Now I don't claim to be an expert in anything. I don't actually believe in the concept of an 'expert' because no matter how good you are, there is always an awful lot more to learn. But I do have a certain amount of experience in this field. I have taught mathematics to thousands of children in several age groups over thirty years and I can assure you that many, many of them are completely confused by measurement because of this imperial/metric business. Not only that, adults are confused too. My accountant and his brother run their own business and as they are fully qualified chartered accountants, they are pretty intelligent guys. They both say, however, that they are confused my the measurement systems in this country! It's not just the kids that are having problems.

Again, Lougle, you are putting words into my mouth. I have never said that children should never learn the 12 and 14 times tables. What I say on this subject is that all children should learn the tables up to 10 x 10 and if they are able, it is good for them to learn the square numbers up to 20 x 20 because of Pythagoras' Theorem. If they really want to go on and learn their 12 and 14 times tables (or any other for that matter) that's fine by me. Well done them!

I sometimes I feel I am pushing a boulder uphill here and as my mother in law used to say, 'Someone convinced against their will is of the same opinion still'.

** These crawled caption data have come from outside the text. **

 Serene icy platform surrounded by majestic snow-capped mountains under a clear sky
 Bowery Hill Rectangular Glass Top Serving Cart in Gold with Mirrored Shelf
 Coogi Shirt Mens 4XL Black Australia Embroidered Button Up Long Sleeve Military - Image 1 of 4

For that reason, I am going to stop commenting on this subject for a while now, but I can tell you (with the backing of experience behind me) that those parents who insist on using imperial units for all the situations we have discussed will have to do a lot of extra work with their children on the conversions and the understanding of what measurement using two systems is all about if they are not to fall behind others who use only metric. Not something in my experience that many parents are willing to do, I find. In fact, many parents are so confused by all this that they are not willing to even give this a try.

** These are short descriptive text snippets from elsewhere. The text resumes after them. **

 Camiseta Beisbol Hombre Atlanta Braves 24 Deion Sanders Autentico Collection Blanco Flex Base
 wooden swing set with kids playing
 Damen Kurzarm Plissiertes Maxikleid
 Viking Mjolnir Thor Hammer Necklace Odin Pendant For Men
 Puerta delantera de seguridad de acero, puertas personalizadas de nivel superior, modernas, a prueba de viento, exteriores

If you are and you do, I wish you the best of luck.

See you in another thread.

" But there is a point somewhere in between - usually between about 14 and 18 years old - when they won't give you the answer. When you ask them why not, those that will tell you say it is because they don't know what units to use"

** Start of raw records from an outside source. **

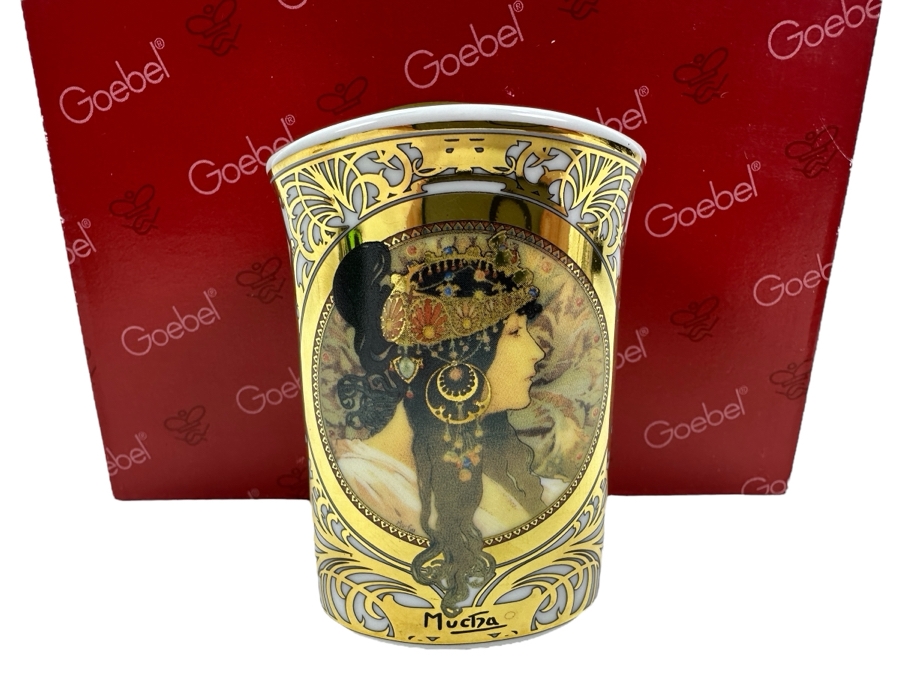 Small Goebel Porcelain Vase Feature A Design Inspired By The Artwork Of Alphonse Mucha - Artis Orbis Collection 3'H [Photo 1]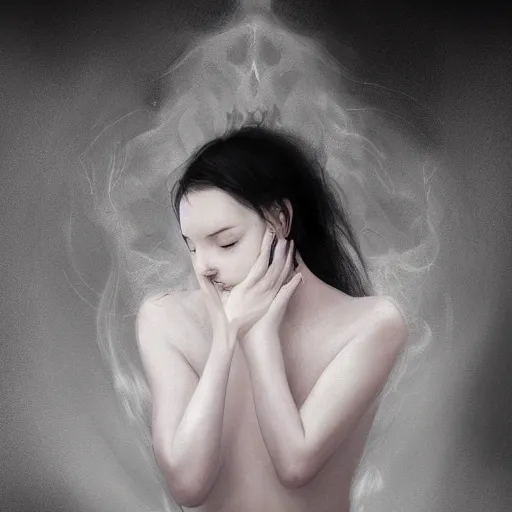 Prompt: If the concept of death was a woman, digital art, , soft hands, fantastic composition, astonishing detail, beautiful lighting, award winning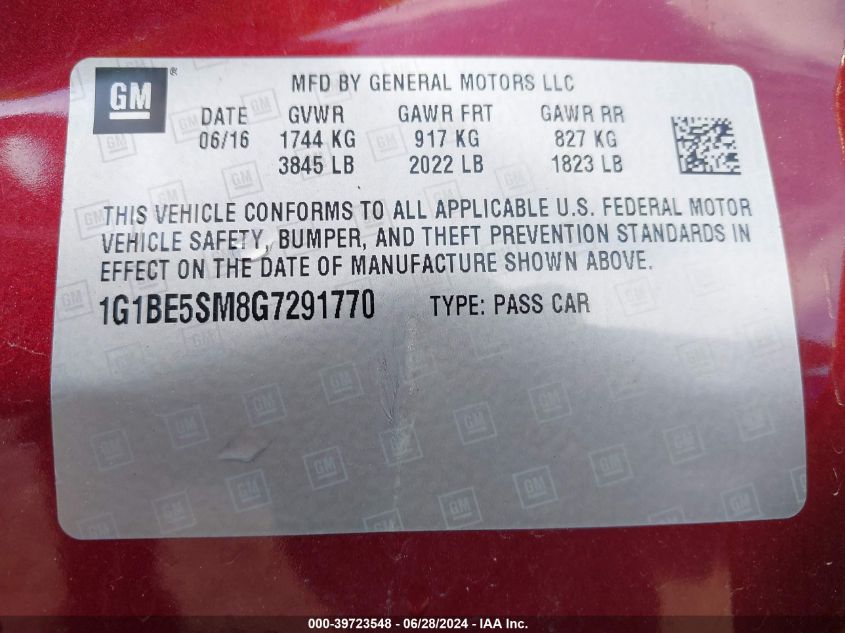 2016 Chevrolet Cruze Lt Auto VIN: 1G1BE5SM8G7291770 Lot: 39723548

I know I'm 5'8" or 1.72m or 172cm - I was **taught**. Furthermore, if people have trouble with having two scales on a tape measure, then they simply need to be taught to read it carefully.

How long do you spend thinking up these examples? It really isn't the terrible thing you imagine to have to learn the 12 times table and the 14 times table. Children can always choose to partition it up, so that they are in fact calculating (10 x a) + (2 x a), etc.

Haberdashery, you will never hear me say, 'Add a Nought' to multiply by ten! So please don't intimate that this is what I said.

According to that rule, 3.14 x 10 = 3.140 !

Haberdashery and Lougle, you are putting words into my mouth. I have never expressed the opinions you give. I think if you re-read what I have said you will find what I am saying is that metrication not only makes maths easier, it also makes it easier to **understand**. Imperial units make things over complicated, stop children seeing that we live in a metric world, greatly reduce the opportunities to practise maths in the home and result in many giving up and saying they can't do maths.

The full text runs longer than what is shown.